I’m not just hating on the movie because that’s the trendy thing to do, this thing really is legitimately bad, it fails to earn its reputation for being taboo and instead lives up to one for specific badness, that and, for the third time around, it’s hard to provide an entertaining review when it’s all just the same sh*t as last time; it’s like trying to review a transformers movie.
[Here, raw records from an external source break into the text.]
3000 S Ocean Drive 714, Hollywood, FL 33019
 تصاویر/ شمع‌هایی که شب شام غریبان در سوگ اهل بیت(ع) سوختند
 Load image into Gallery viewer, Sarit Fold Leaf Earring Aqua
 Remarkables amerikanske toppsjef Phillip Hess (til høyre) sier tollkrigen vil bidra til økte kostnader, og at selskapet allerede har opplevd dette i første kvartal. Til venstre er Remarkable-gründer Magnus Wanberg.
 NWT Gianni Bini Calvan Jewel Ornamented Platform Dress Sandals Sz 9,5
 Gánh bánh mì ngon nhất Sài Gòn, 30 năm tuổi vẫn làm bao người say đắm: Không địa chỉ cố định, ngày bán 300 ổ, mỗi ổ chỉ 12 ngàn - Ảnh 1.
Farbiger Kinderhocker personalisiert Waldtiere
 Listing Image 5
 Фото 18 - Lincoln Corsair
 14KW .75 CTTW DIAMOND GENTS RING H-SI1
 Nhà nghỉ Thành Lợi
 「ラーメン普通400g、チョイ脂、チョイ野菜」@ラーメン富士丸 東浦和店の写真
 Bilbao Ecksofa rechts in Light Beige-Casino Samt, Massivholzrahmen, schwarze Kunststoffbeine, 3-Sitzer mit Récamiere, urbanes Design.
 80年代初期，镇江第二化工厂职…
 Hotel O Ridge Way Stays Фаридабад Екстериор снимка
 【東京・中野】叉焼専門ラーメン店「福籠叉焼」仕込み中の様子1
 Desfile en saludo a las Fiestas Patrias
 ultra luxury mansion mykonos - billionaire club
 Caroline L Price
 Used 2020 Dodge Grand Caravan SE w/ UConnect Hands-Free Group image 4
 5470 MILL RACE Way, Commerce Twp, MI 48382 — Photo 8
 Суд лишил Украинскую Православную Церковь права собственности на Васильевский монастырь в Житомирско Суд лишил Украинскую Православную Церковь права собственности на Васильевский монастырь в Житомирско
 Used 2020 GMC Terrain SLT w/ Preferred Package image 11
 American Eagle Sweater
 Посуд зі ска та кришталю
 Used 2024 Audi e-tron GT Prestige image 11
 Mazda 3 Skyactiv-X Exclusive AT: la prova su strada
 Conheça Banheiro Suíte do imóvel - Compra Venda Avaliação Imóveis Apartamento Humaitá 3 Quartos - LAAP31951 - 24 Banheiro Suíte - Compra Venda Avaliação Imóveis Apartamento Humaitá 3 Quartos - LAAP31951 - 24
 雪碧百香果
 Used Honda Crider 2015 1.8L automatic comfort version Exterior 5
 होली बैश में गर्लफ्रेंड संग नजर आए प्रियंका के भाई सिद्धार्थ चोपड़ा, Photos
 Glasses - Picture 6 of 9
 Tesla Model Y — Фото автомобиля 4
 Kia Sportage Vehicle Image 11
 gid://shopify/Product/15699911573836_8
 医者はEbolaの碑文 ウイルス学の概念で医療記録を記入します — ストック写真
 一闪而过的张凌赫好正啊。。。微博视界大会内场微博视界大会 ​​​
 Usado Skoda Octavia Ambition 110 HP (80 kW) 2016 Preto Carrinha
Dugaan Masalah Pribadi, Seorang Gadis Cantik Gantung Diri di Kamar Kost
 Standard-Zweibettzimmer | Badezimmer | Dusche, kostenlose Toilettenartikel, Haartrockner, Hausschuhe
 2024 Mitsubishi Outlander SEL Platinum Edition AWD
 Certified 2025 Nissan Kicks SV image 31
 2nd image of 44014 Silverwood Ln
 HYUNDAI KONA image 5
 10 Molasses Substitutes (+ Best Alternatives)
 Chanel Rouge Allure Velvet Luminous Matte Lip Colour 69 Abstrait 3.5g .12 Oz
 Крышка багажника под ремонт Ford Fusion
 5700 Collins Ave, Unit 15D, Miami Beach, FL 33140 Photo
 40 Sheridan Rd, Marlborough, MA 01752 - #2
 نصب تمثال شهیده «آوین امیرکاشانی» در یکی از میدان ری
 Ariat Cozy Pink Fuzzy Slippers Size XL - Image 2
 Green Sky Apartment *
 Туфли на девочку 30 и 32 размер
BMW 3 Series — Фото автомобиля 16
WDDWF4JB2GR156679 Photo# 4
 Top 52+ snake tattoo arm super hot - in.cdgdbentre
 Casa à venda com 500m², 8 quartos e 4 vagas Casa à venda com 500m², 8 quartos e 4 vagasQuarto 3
The acting is bad, I do feel sympathy for the actors, they’re working with hideous dialogue and unrealistic characters, bless ‘em because they certainly try their hardest; but it just doesn’t work.
Any semblance of a plot comes about when Anna’s sex pest boss from the second film shows up from time to time to cause trouble, now there’s an attempt at a twist with this character which I’m just going to spoil because I’m in a bad mood, it turns out that the boss and Christian Grey were in the same foster care together as children and the boss is angry at Grey because HE wanted to be the one chosen to live with an impossibly rich family. Yup, the designated villain has a grudge against Grey because he wasn’t chosen to undergo a silver spoon enema, the fact that there’s not even a hint at this in part 2 when he first showed up makes it all feel like a tact on after thought when they realised there wasn’t enough excitement for the big climax; also doesn’t change the fact that is one of the most absurd twists in recent years.
If you want to know why I’m giving it the same score as last time – a generous 3, it’s because, once again, I’m not enraged by this movie, I’m not ready to tear my hair out, this series is not the worst thing I’ve ever seen, it’s just colossally meh. Fifty Shades Freed is probably the most unintentionally hilarious of the three; it’s not the most boring, although it is boring, it’s not the most pointless, although it is pointless but I would definitely say it’s the funniest. I almost hurt myself trying not to laugh when Mr. Grey confronts his new bride in her office and gets deeply emotionally hurt by the fact that she hasn’t changed her name in her email address from Steele to Grey, and what about the scene where she tells him that she’s (spoiler alert) pregnant, he full on flips out and it’s supposed to be engaging but it is just so damn funny!
The unintentional humour almost makes it worth a watch so yeah, a generous three sounds ok to me, aside from that though, this movie just doesn’t work, not the performances, not the toilet paper that is the script, not the televisual cinematography or Hallmark quality direction – nothing. Sam Taylor Johnson was trying to conjure something interesting out of the first one but E. L. James just wouldn’t let her do it and James Foley, the director of the next two, functions only as a tool, they just needed somebody to direct principal photography but really he’s just a chess piece to be told what to do by E. L. James and as a result we have some very cheap looking trash.
I am done, I can’t talk about it any more, it’s not the worst thing ever, it’s just bland and meh and rubbish, it’s the third time around I’ve had to say this but now we can finally put it to rest, Fifty Shades Freed is a boring and badly made film with some entertaining unintentional humour and that’s all I have to say; thank the high heavens that we don’t yet know when they plan on doing a reboot of some kind or even movie adaptations of the rehash books from Grey’s perspective.